Feeling pretty knackered after the weekend; yesterday was almost a
complete wash-out as I accidentally drank too much on Saturday night.
It was our next door neighbour’s wedding celebration party (not the
reception – she was married several weeks ago in Sweden, and this was
the party for the folks round here). I’d promised we’d go, but at the
last minute, J pulled out, so I had to go by myself. I didn’t know
anyone there except the hostess, so I was feeling decidedly nervous;
add that to the fact that we were standing, there was no way to put
your drinks down, and someone was always topping up your glass, I don’t
actually know how much I drank. I was worried that I’d made a bit of
an idiot of myself, but J says I didn’t seem at all drunk when I got
home – until I sat down and stared into space for a full half hour,
anyway! I felt so silly for having done that – OK, I wasn’t horribly
drunk, but far more than I’d normally drink at such an event, and I know better than to
allow someone to top up a glass that isn’t empty yet. Oh, well, I
guess we all need a reminder from time to time! So I felt sicky and
fragile all Sunday morning, and just tired and slow after that.
And then in the evening, I went to London with friends to see a gig –
we’d had the tickets for a couple ofmonths, and J had already pulled
out, and I felt that I couldn’t. Besides, I *do* like the artist (Ani
diFranco). I’d forgotten, though, how much I hate the way live music
events work. Doors at 7, support scheduled to start at 7:30, but it’s
most likely going to be 8:00; the support is probably dreadful, but if
the support is any good you can’t hear it anyway, because everyone’s
talking and they only want to see the main act; support goes away and
there is at least another half hour wait before the main act arrives.
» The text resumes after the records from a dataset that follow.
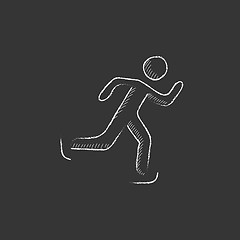 Image showing Speed skating. Drawn in chalk icon.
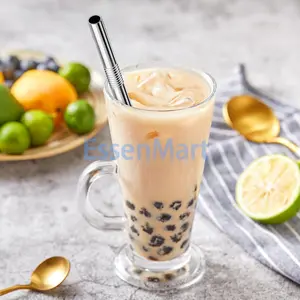 Sedotan Stainless Lurus 21.5CM / Reusable Stainless Straw / Sedotan Bengkok Dan Lurus / Sedotan Besi Stainless Anti Karat Silver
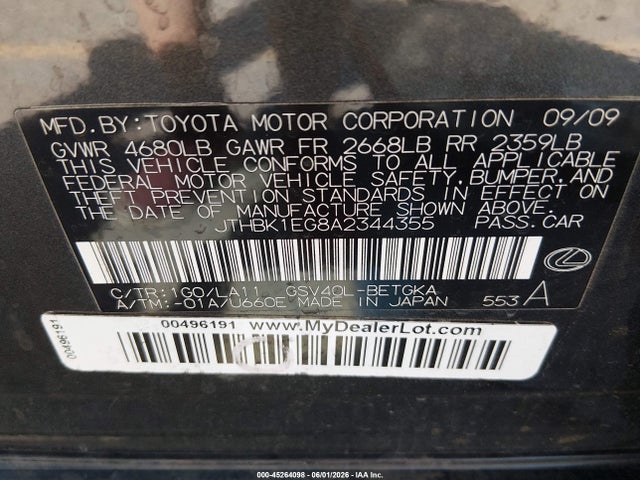 2010 Lexus Es 350 მანქანა იყიდება აუქციონზე, vin: JTHBK1EG8A2344355, აუქციონის ნომერი: 45264098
It’s 9pm by this time, I’m bored, my back and shoulders are killing me
(because it hurts to stand still too long – walking around, I’d have
been fine) and I’m paranoid that someone’s going to lift my wallet out
of my back pocket (because London scares me). The act itself is superb – I love her music and her stage presence is awesome – but by the time we’re back in the car, it’s 11pm, I’d normally
have been in bed an hour, and we still have to get home. (Fortunately,
I’m not driving).
I was in bed by half 12 – which is late for me, but hardly anything for
some of you night birds, I know! – and slept well until I was woken by
the sound of a retching dog at half five. Poor Woody was sick twice
(on the washable dog mat – phew!) and looked very sorry for himself
when he was done. I think we are seeing the effects of a scavenging
lifestyle on this dog – it’s not so much what he eats, as what he
drinks (bit like me really). In the garden, anything is fair game –
the pond, weird little puddles, the water that soaks the labels off the
beer bottles for recycling. Apparently, he found a plastic container
with its own ‘really yucky’ little green ecosystem yesterday, and got a
good few mouthfuls inside himself before J got him to stop.
So all in all, I’m up, showered, dressed, breakfasted and I’ve emptied
the dishwasher. I should have taken the dogs for a walk an hour and a
half ago, but haven’t made it that far yet. I think I might have
another cup of coffee whilst I think about it all.